Key Notes:
- Split Oversight: The bill gives CFTC spot market authority and keeps SEC fraud oversight.
- New Rules: The bill requires exchanges, brokers, and developers to register and disclose key info.
- DeFi & Custody Support: The paper exempts core DeFi functions and allows secure crypto custody.
- Pro-Innovation Agenda: Republicans aim to boost U.S. crypto leadership and reduce regulatory uncertainty.
House Republicans have proposed a comprehensive bill to create clear rules for the U.S. digital asset industry.
The bill is being led by Republicans on the House Financial Services and Agriculture Committees, who argue that current law lacks clarity on how non-security digital assets should be regulated, leaving developers and investors in legal limbo.
“The Digital Asset Market Structure” (DAMS) Discussion Draft also proposes dividing crypto regulatory authority between the SEC and CFTC. This aims to close a perceived “spot market gap.”
What the (DAMS) Bill Proposes:
Establishing Clear Definitions and Oversight Roles
The bill defines key digital asset terms across the Securities Act of 1933, Exchange Act of 1934, and Commodity Exchange Act, laying the groundwork for consistent treatment.

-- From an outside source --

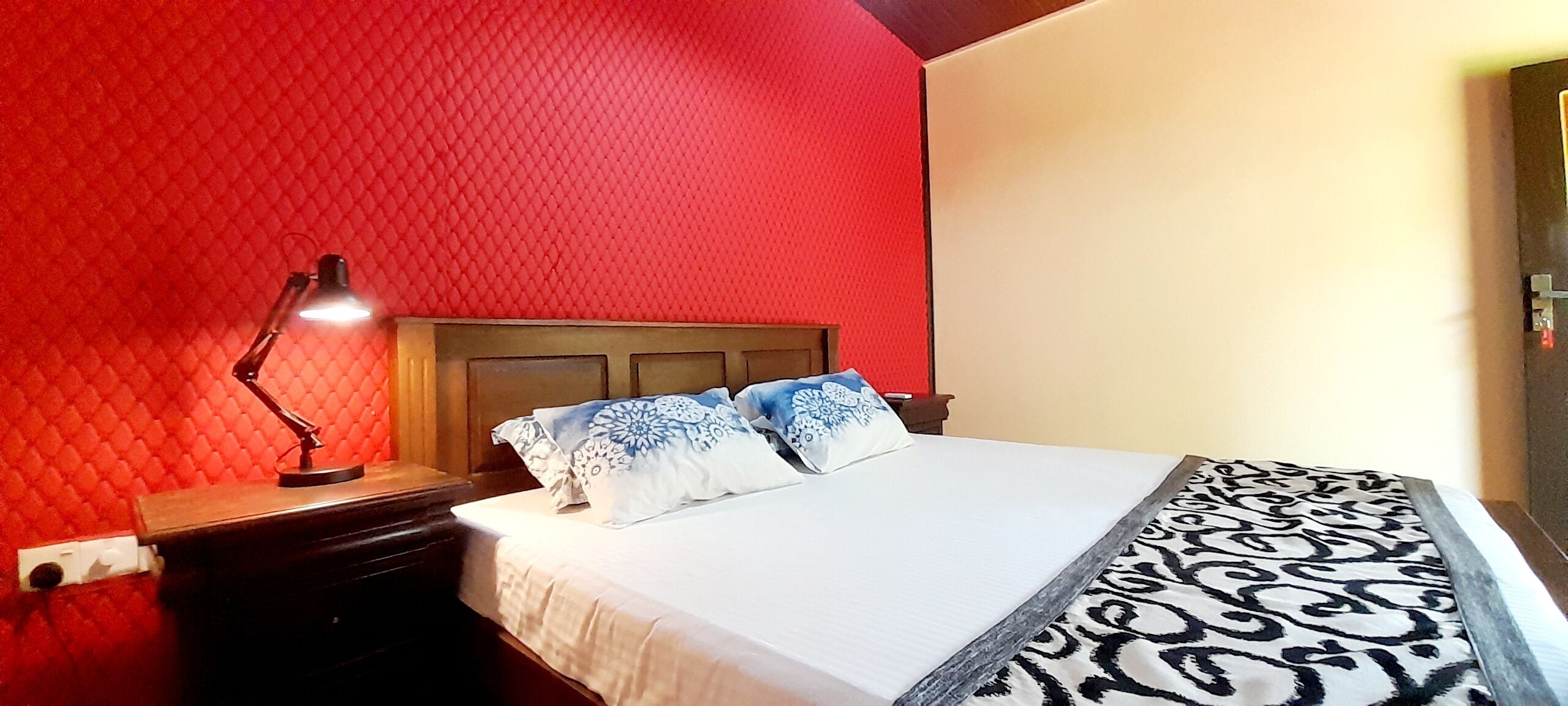 A bedroom with a red textured wall, a wooden headboard, a white bed with patterned bedding, and a nightstand with a lamp.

It gives the CFTC authority over digital commodity spot markets and permits the SEC to retain fraud oversight in markets it doesn’t fully regulate.
Requiring Market Participants to Register
New registration regimes would apply to:
- Digital commodity exchanges, brokers, and dealers under CFTC rules.
- SEC-registered entities dealing with stablecoins and associated digital commodities.
Protecting Consumers Through Developer Disclosures
To address fraud and user risk, the bill mandates:
- Detailed disclosures by digital asset developers about the asset’s structure, governance, and economics.
- A new “mature blockchain” certification process that distinguishes early-stage networks from established ones.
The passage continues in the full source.